Isso deveria estar óbvio, mas a tendência dos incentivos em 2020 ainda era de incentivar demais o capital mercenário ao custos de outros stakeholders (mais importantes).
Isso vai mudar.
Veremos a interessante evolução do token “poder concentrado de votação” (CVP) do PowerPool (um token que é basicamente um serviço de referência para o acúmulo de poder de votação em DeFi) e Aragon (a gestora original de empresas autônomas descentralizadas, ou DAOs) porque existe MUITO dinheiro em jogo.

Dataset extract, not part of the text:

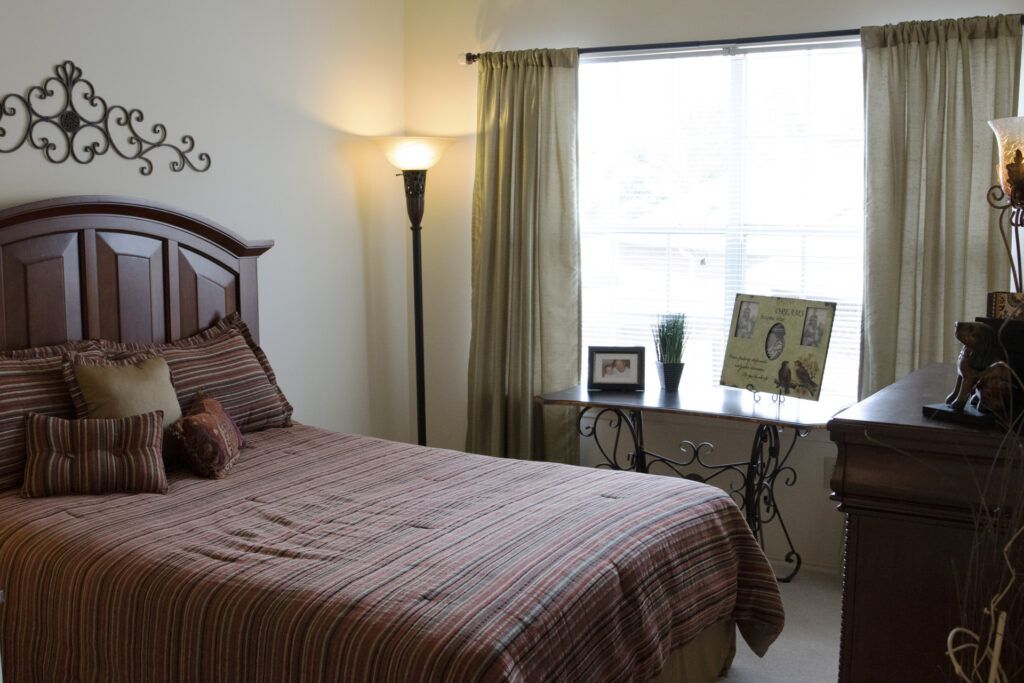 A cozy bedroom with a bed, floor lamp, and window letting in natural light.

Não será mais sobre alterações de políticas monetárias de governança e parâmetros de protocolos. Veremos muito mais no setor de fusões e aquisições (M&A) de protocolos em 2021 — onde Aragon, Voyager, Harvest e, é claro, YFI, já foram bem ativas em 2020).
10) Caça a bugs em DeFi
A lista de invasões no setor DeFi é grande e continua crescendo, pois muitos empreendedores parecem gostar de cometer os mesmos erros para apresentarem logo seus novos lançamentos.
A boa notícia é que isso serve como um programa de caça a bugs que reduz o risco de que DeFi serão “grandes demais para fracassar”.
Na verdade, uma plataforma de empréstimos, bZx, até fornece serviços de caça a bugs. A equipe realizou duas competições de hack em fevereiro de 2020 (o prêmio total foi de US$ 1 milhão), um hack inicial a DEXs em julho (US$ 550 mil) e uma grande competição de hack que premiou US$ 8 milhões em setembro. Vejamos como serão os próximos.
Existe trabalho sendo feito para conter os possíveis danos apresentados por aplicações DeFi arriscadas e não auditadas. Ataques a oráculos e empréstimos-relâmpago foram os principais vetores em 2020, mas existem algumas ferramentas que avaliam o risco de cada projeto.
ConsenSys CodeFi lançou uma pontuação DeFi Risk e a empresa de pesquisa de segurança Gauntlet lançou uma classificação de segurança econômica com o DeFi Pulse.
Isso irá ajudar a precificar melhor os US$ 100 milhões em apólices de seguros de contratos autônomos que hoje existem via Nexus Mutual, Opyn e (em breve) Cozy Finance. Isso pode ajudar a remover o risco do processo de “desbancarização”.